Mr KEENAN (Stirling) (16:48): The Family Law Amendment (Validation of Certain Orders and Other Measures) Bill 2012 has been necessitated by the failure of the government to provide for the proclamation of the provisions of the Family Law Amendment (De Facto Financial Matters and Other Measures) Act 2008, which was passed with coalition support and relied on referrals of power by the states to the Commonwealth, with the exception of my home state of Western Australia, agreed through the Standing Committee of Attorneys-General in 2002. The intention of the legislation was to provide for national uniformity for all relationship breakdown matters and to confer jurisdiction on the courts with the best resources for resolving the breakdown of relationships, namely the Family Court and the Federal Magistrates Court. Section 40(2) of the Family Law Act 1975 provides that any addition to the jurisdiction of the federal Family Court is not conferred until there is a proclamation by the Governor-General to that effect under section 40. No such proclamation was made following the passage of the 2008 act and this omission was not detected, as the coalition understands, until it was picked up by a sharp-eyed judge in December last year.

Even so, relevant proclamations were not made until 9 February this year fixing 11 February as the date on and after which the jurisdiction of the Family Court and the Federal Magistrates Court could be exercised in de facto financial matters. The failure to proclaim the relevant amendments had the result that property and maintenance orders by the federal Family Courts in de facto matters from 1 March 2009 to 10 February 2012 were made without jurisdiction and are invalid. Orders of the Family Court in appeals from the Family Court of Western Australia which do not require the vesting of jurisdiction are similarly affected.

This legislation is therefore required to validate those orders retrospectively and the coalition, as my colleague the shadow Attorney-General Senator Brandis foreshadowed in February when this problem first came to our attention, will certainly be happy to cooperate in ensuring that certainty can be returned to the jurisdiction.

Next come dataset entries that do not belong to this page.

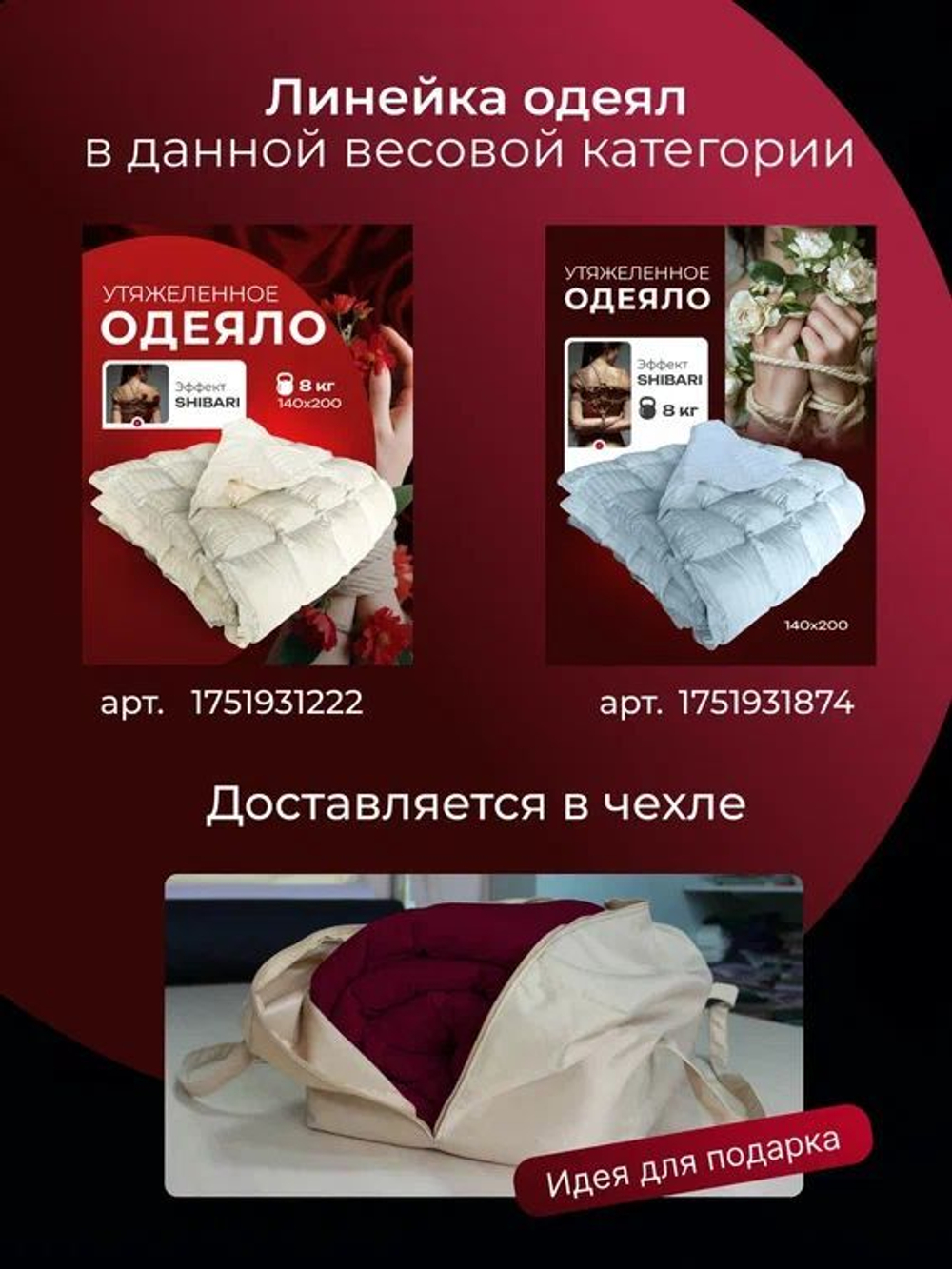 Утяжеленное одеяло Premium 140x200 см 10 кг тяжелое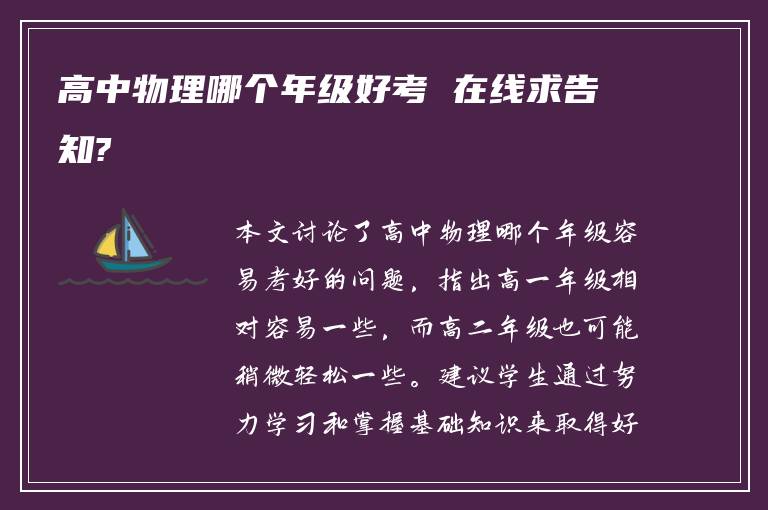 高中物理哪个年级好考 在线求告知?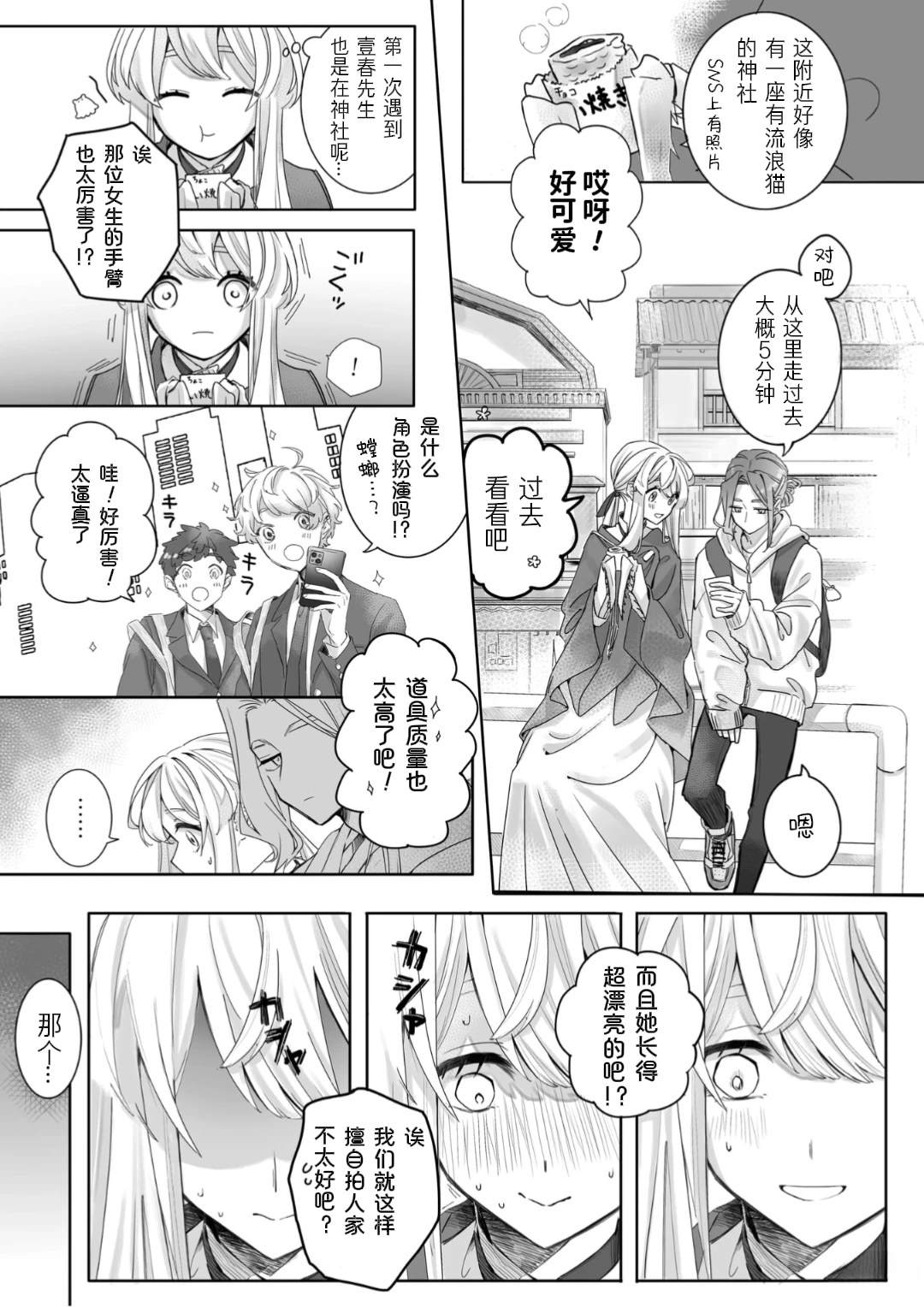 短篇8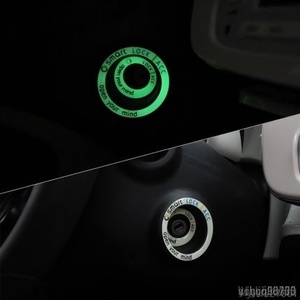 【ワオ！】車キー起動リング蛍光3D用メルセデススマート453フォーツーフォーフォー点火鍵穴ステッカー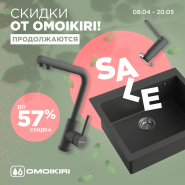 Скидки до -57% от Omoikiri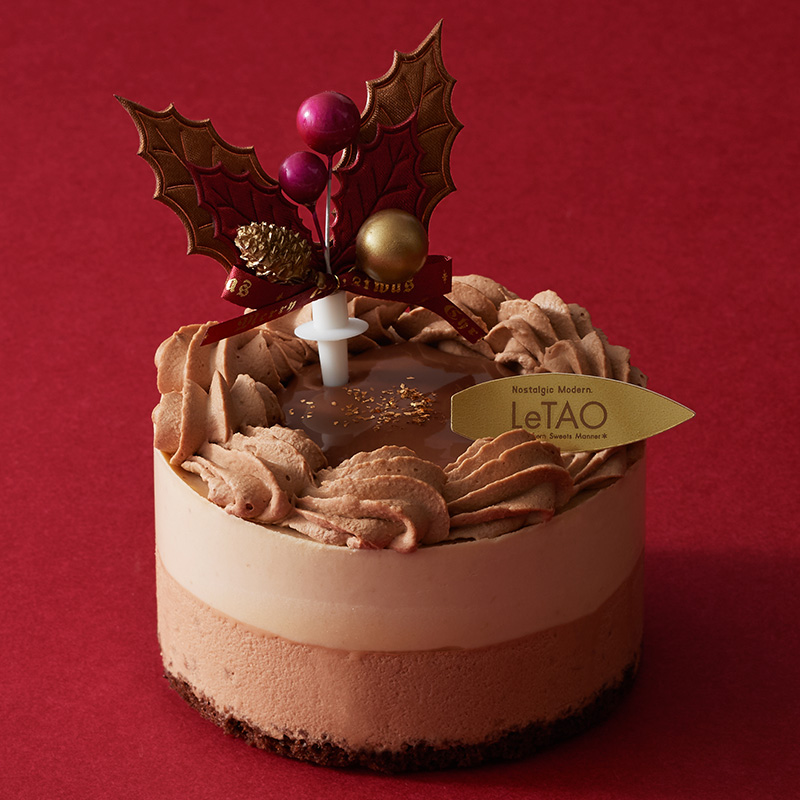 小樽洋菓子舗ルタオのクリスマスケーキ2023「ショコラマロン ラムレザン」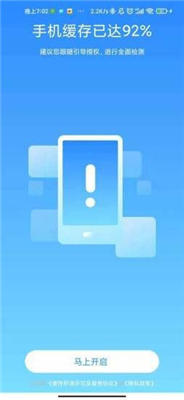 缓存秒清app截图1
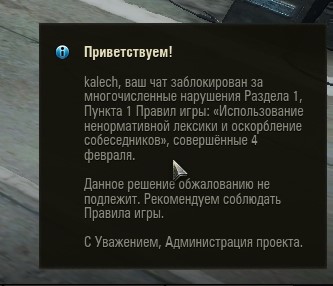 Wargaming 43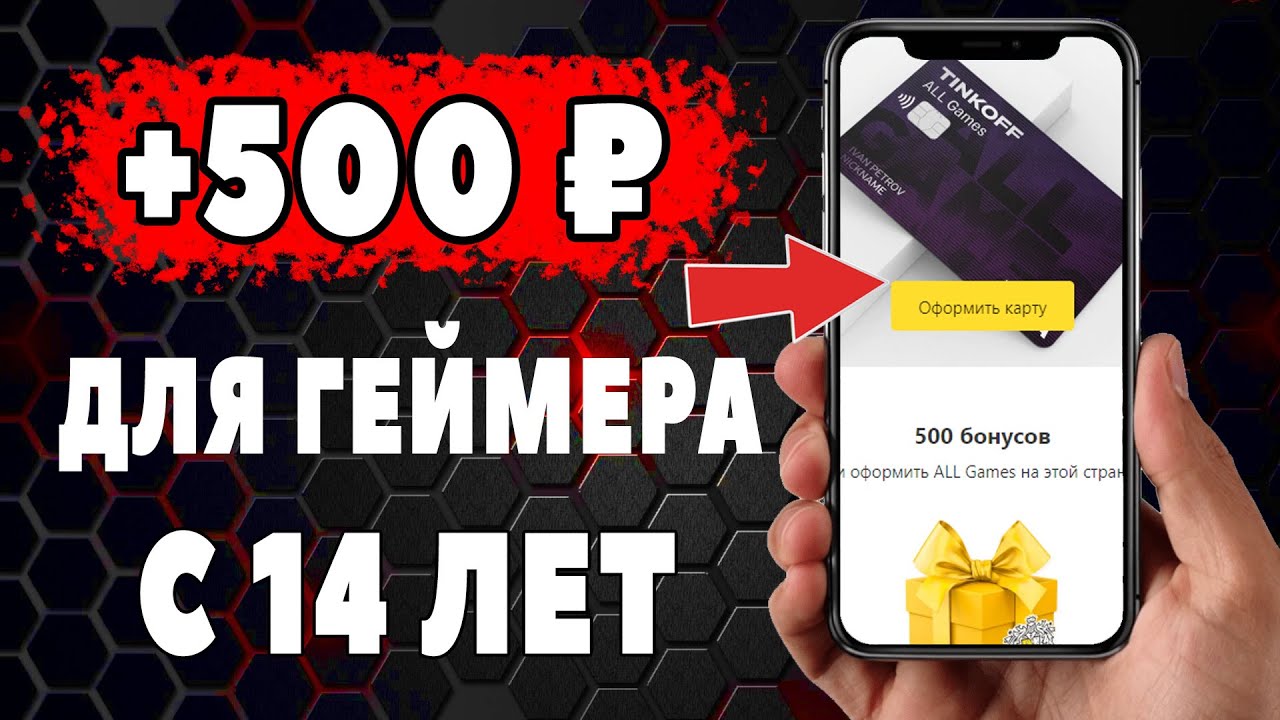 Карта тинькофф 500 рублей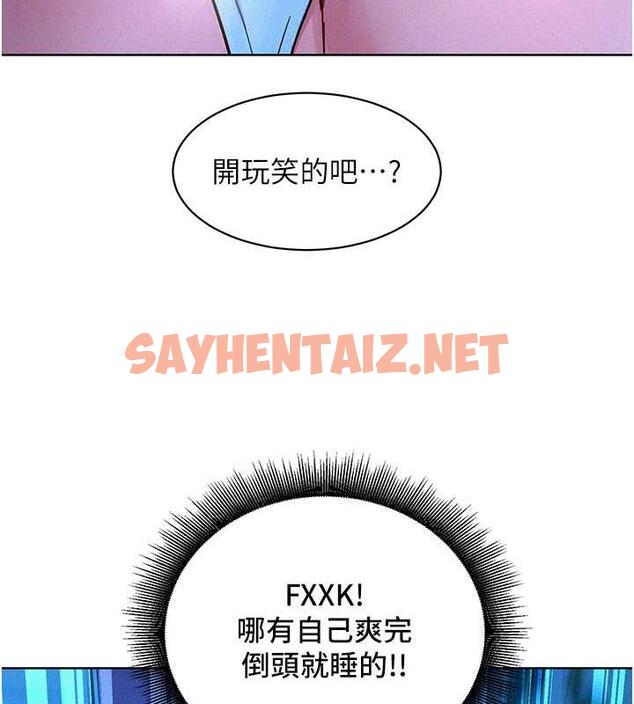 查看漫画友情萬睡 - 第91話-一夜大戰兩女?! - sayhentaiz.net中的1929179图片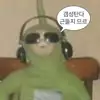 일만식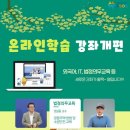 모든교육 이미지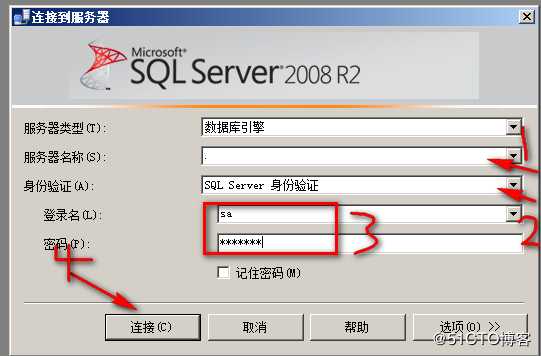 安装部署vCenter Server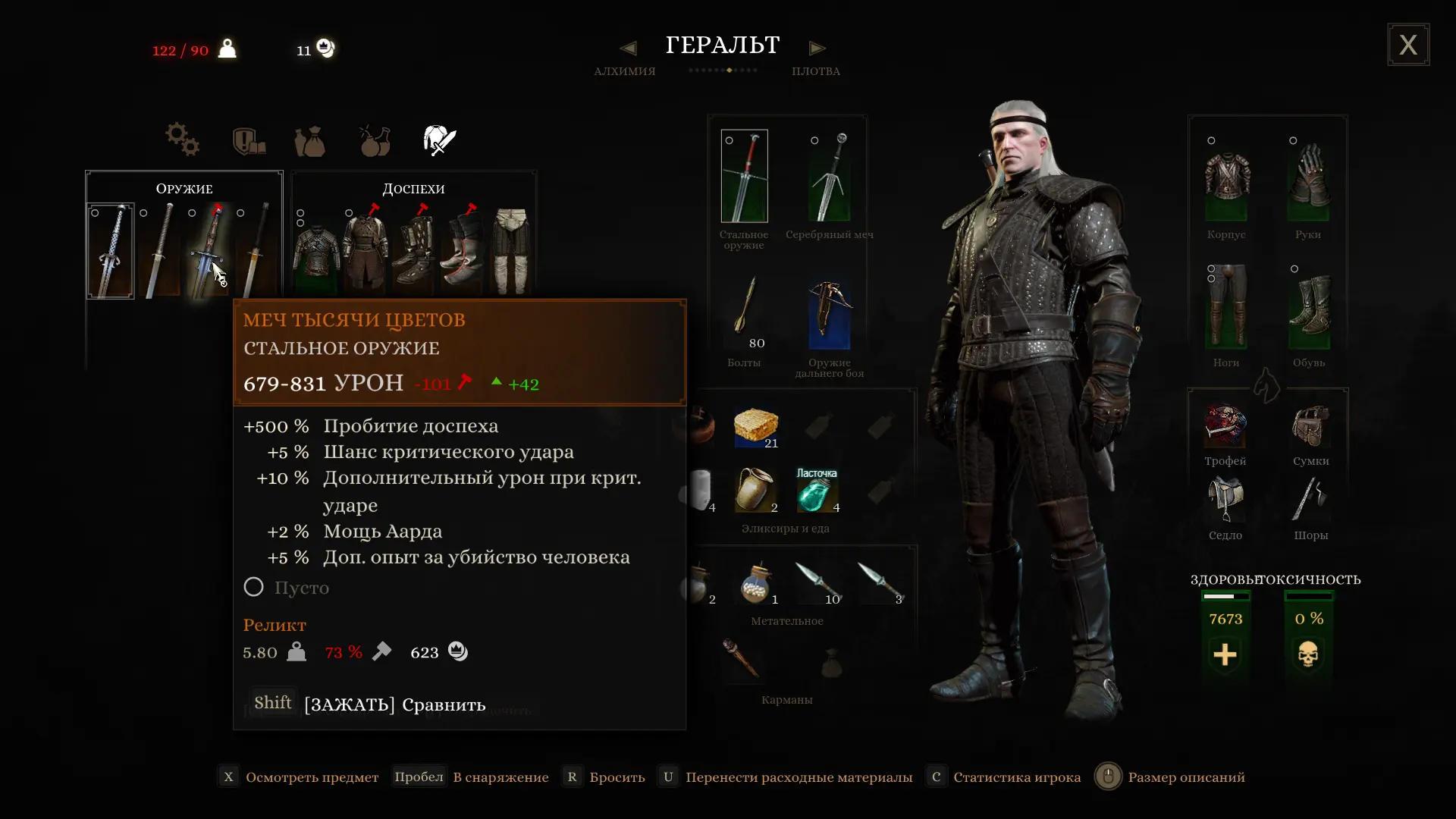 Thousand Flowers and White Tiger Armor sets for 1.32 RUS at The Witcher 3  Nexus - Mods and community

What is difficult to understand, however, is how slack and uncomprehending the Gillard government has been in dealing with this matter. Literally thousands of orders are in doubt, affecting thousands of Australian families. In the Australian of 29 January, we read of a Melbourne mother of five who faced losing her home because her former partner had stopped paying the mortgage, as the Federal Magistrates Court had ordered him to do last August. The mother, we are told, would have spent at least another $6,000 on legal fees because her original court orders were invalid. Many Australian families whose principal source of income is from property and maintenance orders have been left in limbo dependent on the good faith of their former partners and without recourse to enforcing it, as so often happens in family law matters, as former partners seek to skip out on their obligations. This therefore is a matter of great urgency, but you would not know it from the actions of the Labor government. The problem, which was an inexplicable bureaucratic oversight, was detected last December. While courts typically go into recess over December and January, the family law jurisdiction is different. Those familiar with the family law jurisdiction will know that it can be a time of immense stress about finances in relationships, and any family lawyer would be able to tell you that they have a busy time over the summer period.

Yet when did the government act? In December, when they were first alerted to this problem? In January, when an urgent proclamation could have been made to ensure that prospective orders would be valid and the opposition could have been requested to cooperate with this being made the first item of business for the resumption of parliament? No, I am afraid to say that the proclamation was quietly made on 9 February, at the end of the first sitting week. Still the government said nothing when the professions, the media and the opposition heard about it on 21 February and started clamouring for a response. Indeed, the government continued to say nothing for another week, until the following sitting week drew to a close, when the Attorney-General finally announced that the government would introduce remedial legislation.

One must ask, therefore, where the government's priorities lie. There are still thousands of families whose financial affairs and whose power to do anything about it remain in limbo whilst this government fusses about to ensure that its prosperity-sapping deals with the Greens continue to keep it in power.

The coalition take this matter very seriously, so seriously that we publicly indicated to the government almost four weeks ago, without being prompted by the government, that we would support legislation to fix this problem—and that, as I said, we would support legislation to fix it as a matter of urgency. It is not a difficult piece of legislation to fix but it does fix an enormous problem. We understand why this is a priority, but it is very difficult to understand through the government's actions why they did not seem to think it was. I therefore move:

That all words after "That" be omitted with a view to substituting the following words:

"whilst not declining to give the bill a second reading, the House notes and condemns the incompetence of the Government in:

(1) failing for almost three years to proclaim the relevant provisions of the Family Law Amendment (De Facto Financial Matters and Other Measures) Act 2008;

(2) thereby needlessly permitting invalid orders to be made by the federal family Courts and throwing the financial affairs of thousands of Australians into confusion;

(3) failing to act promptly to correct the problem after it was first brought to its attention; and

(4) failing to immediately bring remedial legislation before this Parliament."

The DEPUTY SPEAKER ( Hon. BC Scott ): Is the amendment seconded?

Mr Ewen Jones: I second the amendment, Mr Deputy Speaker, and I reserve my right to speak.

The DEPUTY SPEAKER: The original question was that this bill be now read a second time. To this the honourable member for Stirling has moved as an amendment that all words after 'that' be omitted with a view to substituting other words. If it suits the House, I will state the question in the form that the amendment be agreed to. The question now is that the amendment be agreed to.